Hills Creek Power Plant
- Coordinates: 43°41′35″N 122°23′31″W﻿ / ﻿43.693°N 122.392°W
- Operator: United States Army Corps of Engineers (USACE)
- Commission date: 1961
- Type: Hydroelectric
- Turbines: 2
- Installed capacity: 30 MW

= Hills Creek Dam =

Hills Creek Dam is a dam about 4 mi southeast of Oakridge in Lane County, Oregon, United States. It impounds Hills Creek Reservoir, which has a surface area of 2,735 acre and a shoreline of roughly 44 mi, on the Middle Fork Willamette River.

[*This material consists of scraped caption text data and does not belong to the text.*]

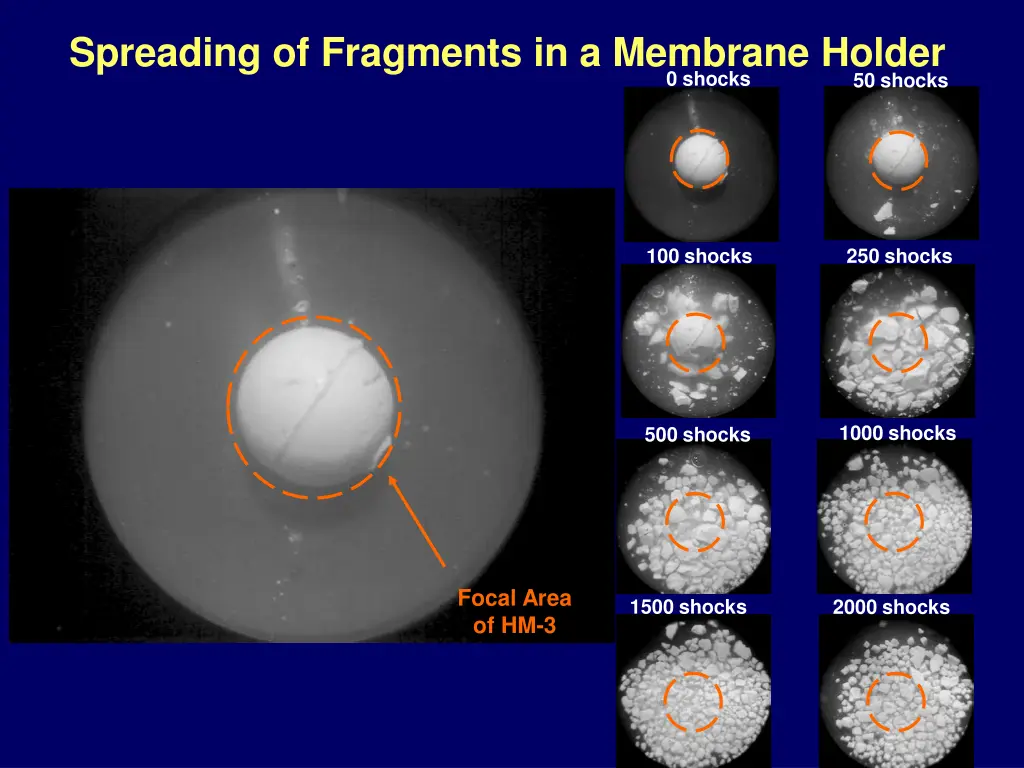 spreading of fragments in a membrane holder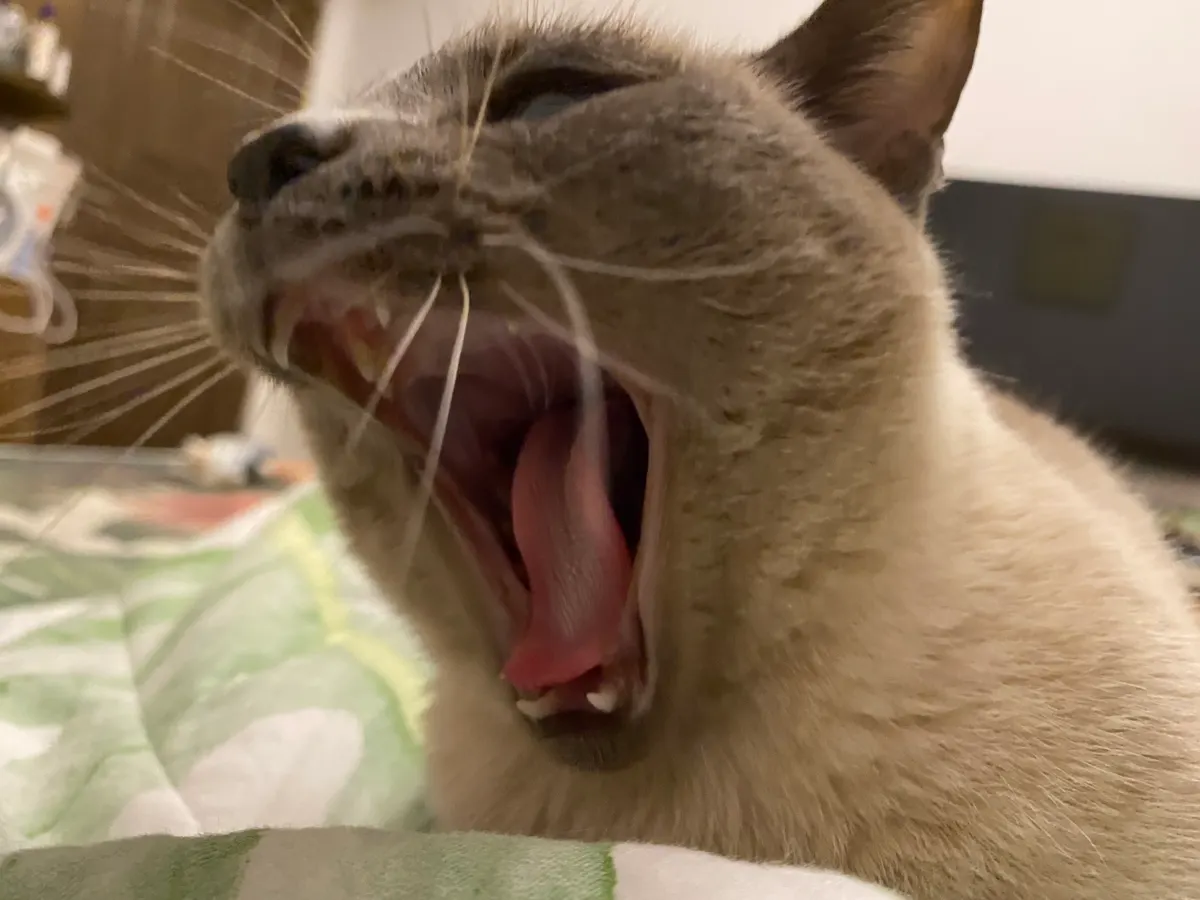 The same gray cat mid-yawn, close up.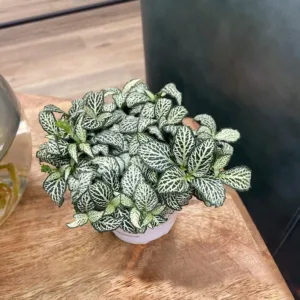 Fittonia World Views 9cm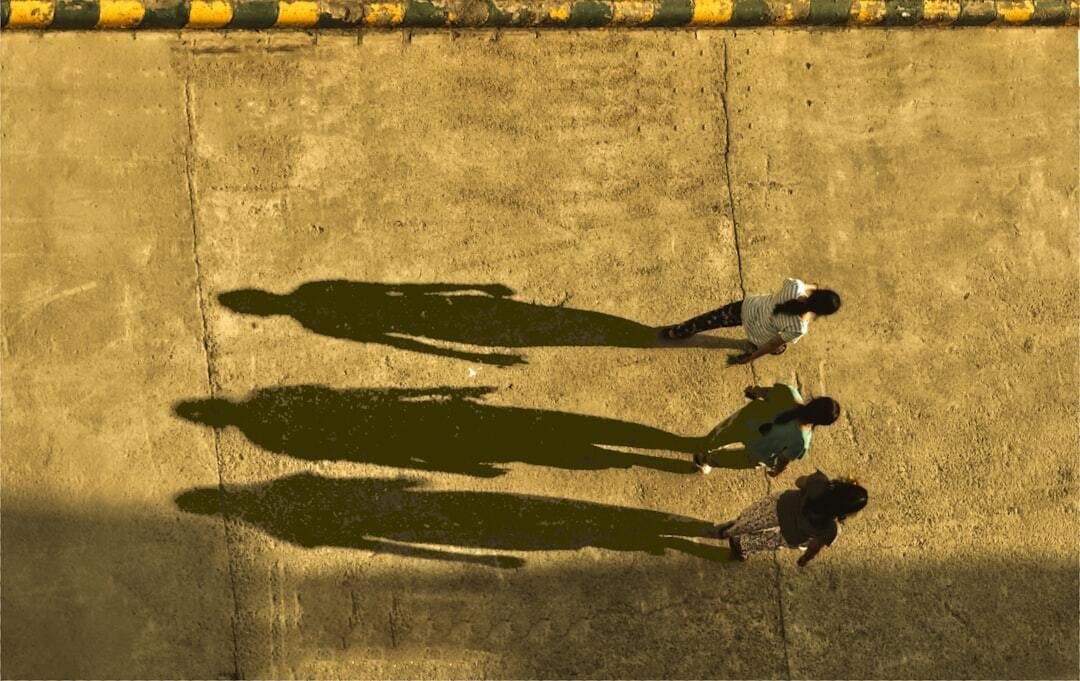 always with you... your shadow 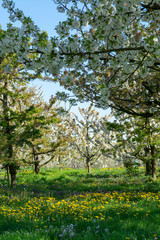 Fototapeta premium Spring landscape with fields, orchards and roads in Haspengouw region, Limburg, Belgium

Constructed in 1961 by the United States Army Corps of Engineers (USACE), the dam's purpose is primarily water storage and flood control, and secondarily for recreation, wildlife and waterfowl conservation, and hydropower generation. The earthen dam has a concrete spillway, stands 304 ft high, and impounds 355500 acre.ft of water. There are two hydropower-generating units capable of producing a total of 30 megawatts.

The dam is one of 13 USACE projects in the Willamette Valley, including two others further downstream on the Middle Fork Willamette, Lookout Point Lake and Dexter Reservoir.